Confidentiality – Any manuscripts received for review must be treated as a confidential document. Privileged information or ideas obtained through peer review must be kept confidential and not used for personal advantage. Likewise, the manuscript must not be shown to or discussed with others except when authorized by the editor.

Standards of Objectivity – Reviews should be conducted as objectively as possible. Personal criticism of the author(s) is both unprofessional and inappropriate. Referees should express their views clearly explaining and justifying all suggested recommendations. They should provide detailed and constructive feedback to assist the author(s) in improving their work, even if the manuscript is, in their opinion, not publishable.

Acknowledgment of Sources – Reviewers should identify relevant published work that has not been cited by the authors. Any statement that an observation, derivation, or argument had been previously reported should be accompanied by the relevant citation. A reviewer should also call to the editor’s attention any substantial similarity or overlap between the manuscript under consideration and any other published paper of which they have personal knowledge.

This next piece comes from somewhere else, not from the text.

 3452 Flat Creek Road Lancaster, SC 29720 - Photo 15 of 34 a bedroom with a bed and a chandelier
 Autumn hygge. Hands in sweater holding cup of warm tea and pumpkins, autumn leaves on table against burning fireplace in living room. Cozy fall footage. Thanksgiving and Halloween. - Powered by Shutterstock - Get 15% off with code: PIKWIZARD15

Fair Play – An editor will evaluate manuscripts for their intellectual content without regard to race, gender, sexual orientation, religious belief, ethnic origin, citizenship, or political philosophy of the authors.

Confidentiality – The editors must not disclose any information about a submitted manuscript to anyone other than the corresponding author, reviewers, potential reviewers, other editorial advisers, and the publisher, as appropriate. Additionally, the editors will make every effort to ensure the integrity of the blind review process by not revealing the identity of the reviewers.

Misconduct – Editors should act if they suspect misconduct, whether a paper is published or unpublished, and make all reasonable attempts to persist in obtaining a resolution to the problem. Editors should not reject papers based on suspicions; they should have proof of misconduct.

Disclosure and Conflicts of Interest – The editors must have a clear picture of a research’s funding sources. Editors should not allow any conflicts of interest between authors, reviewers and board members. Unpublished materials disclosed in a submitted manuscript must not be used in an editor’s own research without the express written consent of the author.

Fundamental Errors in Published Works – When an author discovers a significant error or inaccuracy in his/her own published work and reports it to journal, the editor will publish errata pages, make corrections or retract the paper as when needed. The editor will be guided by COPE’s Guidelines for Retracting Articles when con-sidering retracting, issuing an expressions of concern about, and issuing corrections pertaining to articles that have been published.

Editorial Independence / Relation with Publisher / Journal Owner (e.g., academic/professional society) – The relationship of editors to publishers and journal owners will be based on the principles of editorial independence. The economic and political realities of the journal should not influence an editors’ selection of submissions, but acceptance should be based on the quality of the publication and suitability for the readers rather than immediate financial, political or personal gain.

Commercial Issues (e.g., advertising, commercial supplements, tendering process) – Advertising or publishes sponsored supplements will not influence the quality of the journal nor will it affect editorial decisions.